La actuación prevé una mejora completa de las infraestructuras, con la renovación de redes de abastecimiento y saneamiento, la pavimentación de la zona central y la mejora del acerado en la prolongación hacia la calle El Sol, además de la reorganización del entorno para hacerlo más accesible y peatonal.
El proyecto también incluye la actuación en el nudo de conexión entre las calles Corredera, Amor de Dios y el vial hacia la calle El Sol, donde se ejecutará la renovación de servicios urbanos y la mejora del pavimento, actualmente deteriorado. Para esta intervención complementaria, el Consistorio está pendiente de una posible financiación adicional procedente de los Fondos de Cohesión de la Junta de Castilla y León.

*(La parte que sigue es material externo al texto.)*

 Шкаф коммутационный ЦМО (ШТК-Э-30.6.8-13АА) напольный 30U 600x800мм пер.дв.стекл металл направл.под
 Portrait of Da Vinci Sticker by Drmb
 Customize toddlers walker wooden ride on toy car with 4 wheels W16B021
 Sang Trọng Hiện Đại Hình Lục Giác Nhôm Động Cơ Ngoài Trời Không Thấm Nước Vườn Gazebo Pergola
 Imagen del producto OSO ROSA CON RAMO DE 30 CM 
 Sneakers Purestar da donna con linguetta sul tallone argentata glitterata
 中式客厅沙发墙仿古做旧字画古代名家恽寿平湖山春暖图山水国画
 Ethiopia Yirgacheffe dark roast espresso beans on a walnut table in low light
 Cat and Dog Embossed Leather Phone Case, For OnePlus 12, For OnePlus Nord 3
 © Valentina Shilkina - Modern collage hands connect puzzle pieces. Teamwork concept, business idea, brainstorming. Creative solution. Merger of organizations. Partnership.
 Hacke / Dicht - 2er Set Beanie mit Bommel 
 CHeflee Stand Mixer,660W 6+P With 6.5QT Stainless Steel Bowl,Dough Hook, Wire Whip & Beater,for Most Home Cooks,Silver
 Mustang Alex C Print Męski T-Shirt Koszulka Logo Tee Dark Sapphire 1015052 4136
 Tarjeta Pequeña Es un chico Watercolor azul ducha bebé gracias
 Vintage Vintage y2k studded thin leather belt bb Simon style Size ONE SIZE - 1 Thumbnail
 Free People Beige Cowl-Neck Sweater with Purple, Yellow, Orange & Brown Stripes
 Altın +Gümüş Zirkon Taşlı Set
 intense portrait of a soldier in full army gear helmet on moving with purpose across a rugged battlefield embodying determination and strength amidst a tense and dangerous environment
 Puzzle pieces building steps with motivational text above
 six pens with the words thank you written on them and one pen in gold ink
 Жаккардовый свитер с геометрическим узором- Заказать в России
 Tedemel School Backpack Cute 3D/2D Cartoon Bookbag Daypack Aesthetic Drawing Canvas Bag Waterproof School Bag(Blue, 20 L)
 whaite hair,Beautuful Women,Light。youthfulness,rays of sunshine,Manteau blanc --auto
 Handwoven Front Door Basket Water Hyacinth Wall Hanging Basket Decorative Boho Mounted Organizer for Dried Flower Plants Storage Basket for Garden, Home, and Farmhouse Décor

En este contexto, el Ayuntamiento ha querido responder a las críticas realizadas por algunos profesionales del taxi sobre la ubicación de la parada en la plaza de Santa Marina, señalando que las obras no han finalizado y que resulta prematuro realizar valoraciones sobre la actuación en curso.
El Consistorio subraya además que no se ha eliminado el servicio de taxi, sino que se ha producido un traslado dentro del mismo entorno de la plaza, como parte de la reorganización general prevista en el proyecto de urbanización.
Desde el equipo de gobierno se considera que las quejas expresadas no se ajustan a la realidad actual de la intervención y se enmarcan en una fase todavía en desarrollo de las obras.
Paralelamente, el Ayuntamiento destaca que numerosos vecinos y usuarios ya están valorando de forma positiva la nueva configuración peatonal del espacio, que permite un tránsito más cómodo y seguro al reducir la convivencia directa con el tráfico rodado.
El Consistorio recuerda que este tipo de transformaciones requieren un periodo de adaptación, aunque confía en que la humanización del espacio público contribuya a la mejora y revalorización del entorno urbano, consolidando una plaza más accesible, funcional y amable para la ciudadanía.